Re: SCSI Kernel Problem - BAD

Eric Youngdale (eric@aib.com)
Fri, 15 Mar 1996 10:24:19 -0500


>If I don't have the swap on the scsi activated, then the system tends to
>mostly recover except that the cp process and anything else that tries
>to open the cdrom device afterwards gets hung, and eventually the system
>goes insane with kernel freelist corruption and crashes horribly anyway.
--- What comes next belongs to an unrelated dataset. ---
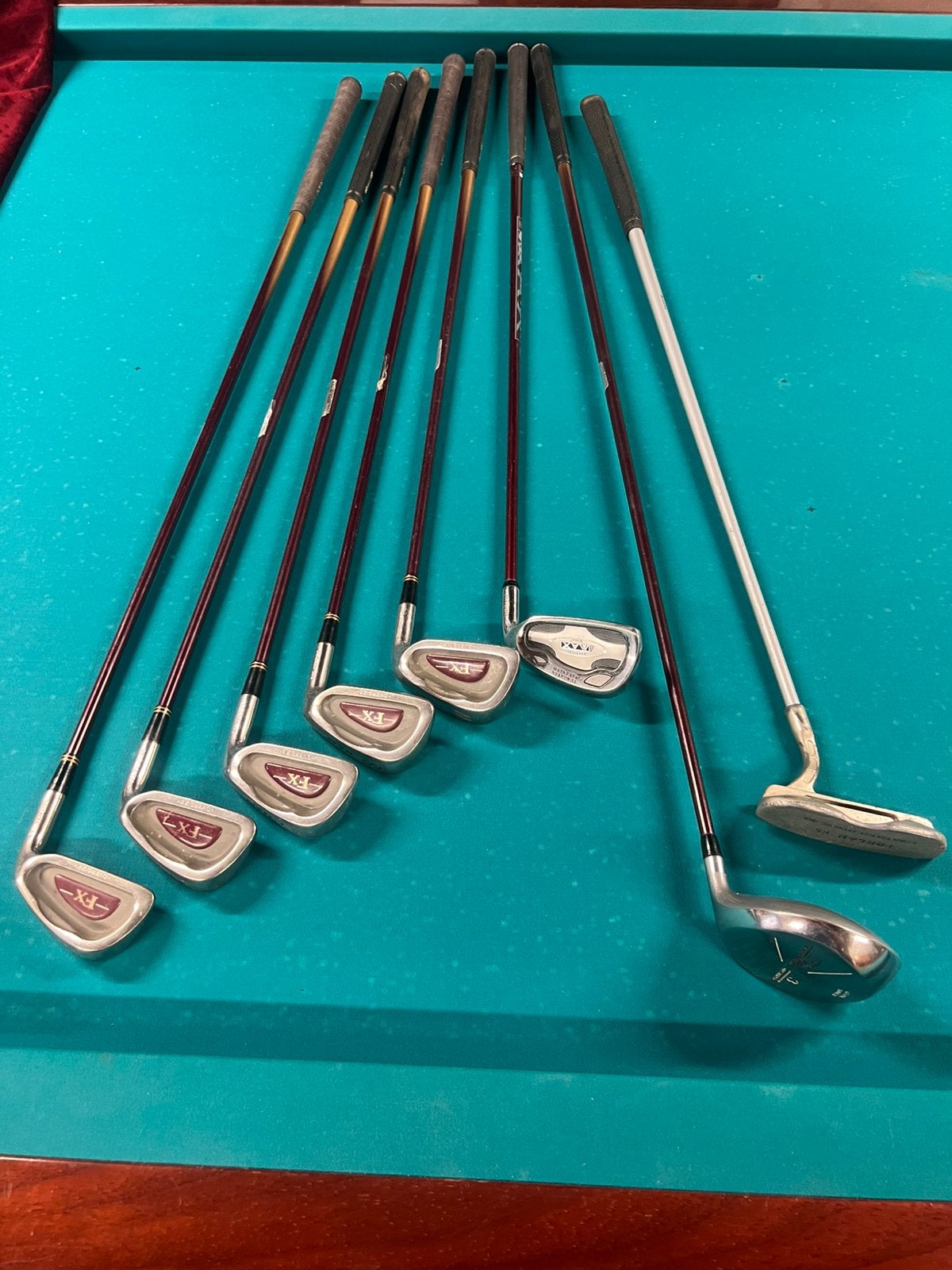 Golfset rechtshandig dames, Sport en Fitness, Golf, Ophalen, Gebruikt, Set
I saw one myself just the other day. Someone was copying large
files off of a cdrom, and putting onto disk. Something went wrong (all
messages were lost), and there was massive disk corruption. The /lib
directory was nuked. The passwd file was found instead in inetd.conf.
/bin/sh was a C program. Stuff like that. Good thing I keep a bootable
partition on an IDE disk, and it was also lucky that the system was more or
less just an image copy of the Red Hat 2.0 live cdrom (i.e. I could just
copy /lib back, and anything else that looked like it might have been
nuked).

Anyways, I really have no idea whatsoever what the problem is.
At the moment, I don't even have a lot of time to personally investigate.
My immediate inclination would be to blame something other than the scsi
code since I really haven't changed very much at all in the 1.3 series, and
it is
only in the past week or two that I have become aware of the possibility of
some pervasive problem (sure there have been problems, but if it is the NCR
driver, I tend not to pay much attention).

In my case, I have a 1542, and in this case, the abort/reset code
doesn't do much except send a few special commands to the 1542. Hmm,
perhaps
the thing goes slightly insane if there is a data transaction in progress at
the same time we attempt a reset. With the 1542, there is no tagged
queueing, so this isn't the explaination.

One thing for people to try - disable the reset() code for your
host adapter and see if the problem goes away. Someone else (Simon?)
reported that the problem went away when this was done, and I want to see
whether this is a universal truth or not. If this doesn't help, then
disable the abort() code and see whether this does the trick. If need be, I
can come up with a patch to make these kernel configuration options.

WRT the comments about tagged queueing, and the indeterminacy of
the order of operations, this is indeed worrying for a number of reasons.
Not the least of which is that if you are modifying lots of files, you could
conceivably have updates to the inode table consistently being deferred
because of large file writes. My gut feeling is that if we encounter
a timeout and tagged queueing is enabled, then instead of direct action,
we probably want to send one of those marker thingies to the device
to force it to synchronize - then we reset the timeout period to give
the command a chance to complete.

-Eric

-- 
"The woods are lovely, dark and deep.  But I have promises to keep,
And lines to code before I sleep, And lines to code before I sleep."